That night, too new to realize the written and unwritten rules, he went on a walk and blundered into the 'dead line" near the barbed wire fence. Immediately a searchlight from the watchtower illuminated him and an order rang down to stop else he be shot at. (Manzanar "residents" were told that the armed towers and barbed wire was to protect THEM from Americans in distant Owens Valley small towns!)

What saved my dad? First, he'd been drafted by the Imperial Japanese Army and was trained in a tommy-gun assault company. The first thing they knew: the enemy (Manchurians) would shine bright light in a night attack so as to burn their retinas, blind them, and blunt the IJA assault. So dad averted his eyes.

Second, as an infantryman, he knew the sounds of rifle hammers being cocked. So he froze.

Third, as an American, he understood English and knew what "Stop or I'll shoot" meant!

Was he mad? Only for the rest of his life.

Throughout the war, about a half-dozen men in the concentration camps were murdered by trigger-happy MPs. One paraplegic was gunned down in his wheelchair for attempting to escape! --into the desert, and the MP was exonerated in a court-martial. (as were they all).

My dad was an easy-going man, a convert to Christianity and was a pacifist even though he tried to enlist in the Army while at Manzanar out of gratitude for all the favors the USA had done him! (I know, a lifetime of pondering results in a very short list of reasons!) Dad was ruled 4-F due to his recent TB and he still tried to get into the war effort. The OSS (CIA's predecessor) finally hired him as a translator.

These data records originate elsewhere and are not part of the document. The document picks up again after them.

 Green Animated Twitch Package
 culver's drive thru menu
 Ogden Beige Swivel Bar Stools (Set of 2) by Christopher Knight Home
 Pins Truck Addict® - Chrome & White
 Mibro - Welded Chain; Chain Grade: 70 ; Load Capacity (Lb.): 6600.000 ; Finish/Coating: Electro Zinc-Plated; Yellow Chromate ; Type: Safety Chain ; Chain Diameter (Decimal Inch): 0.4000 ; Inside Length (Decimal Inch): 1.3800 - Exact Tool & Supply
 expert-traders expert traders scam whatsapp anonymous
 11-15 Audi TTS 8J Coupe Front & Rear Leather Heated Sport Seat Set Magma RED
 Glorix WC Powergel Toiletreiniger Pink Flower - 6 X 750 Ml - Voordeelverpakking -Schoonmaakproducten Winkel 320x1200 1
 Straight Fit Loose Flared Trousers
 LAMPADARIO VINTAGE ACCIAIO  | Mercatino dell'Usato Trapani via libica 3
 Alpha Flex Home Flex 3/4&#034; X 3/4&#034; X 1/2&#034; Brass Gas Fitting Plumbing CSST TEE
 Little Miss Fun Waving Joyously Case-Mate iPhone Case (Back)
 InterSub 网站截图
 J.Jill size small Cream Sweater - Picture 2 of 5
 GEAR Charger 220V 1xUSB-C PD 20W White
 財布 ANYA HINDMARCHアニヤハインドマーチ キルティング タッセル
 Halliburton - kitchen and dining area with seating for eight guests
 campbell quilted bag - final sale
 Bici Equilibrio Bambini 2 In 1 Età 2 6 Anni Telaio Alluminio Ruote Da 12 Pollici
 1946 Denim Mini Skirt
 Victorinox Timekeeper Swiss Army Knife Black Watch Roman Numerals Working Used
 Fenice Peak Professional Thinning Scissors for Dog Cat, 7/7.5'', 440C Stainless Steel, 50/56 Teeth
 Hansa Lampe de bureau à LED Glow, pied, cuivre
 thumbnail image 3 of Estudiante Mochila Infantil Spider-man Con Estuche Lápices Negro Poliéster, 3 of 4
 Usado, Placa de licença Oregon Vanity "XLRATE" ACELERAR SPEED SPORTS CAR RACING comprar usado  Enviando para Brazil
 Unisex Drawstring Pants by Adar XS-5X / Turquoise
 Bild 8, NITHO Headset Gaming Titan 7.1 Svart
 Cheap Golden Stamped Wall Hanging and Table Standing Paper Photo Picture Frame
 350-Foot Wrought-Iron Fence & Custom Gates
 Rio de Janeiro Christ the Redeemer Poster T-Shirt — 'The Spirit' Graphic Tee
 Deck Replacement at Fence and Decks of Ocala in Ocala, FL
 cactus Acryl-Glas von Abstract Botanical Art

To bring this back to the CW: The NY Times just published an article on California's slavery reparations effort, focusing on a longtime friend, Don Tamaki. He was a co-instigator of the time war reparations were argued out of the US Government, and the only member of the state's panel that was not African American. He speaks on how this study broadened his insight on bias dating previously to 1882, to realizing 1619 imposed a different legacy of forced incarceration on African Americans.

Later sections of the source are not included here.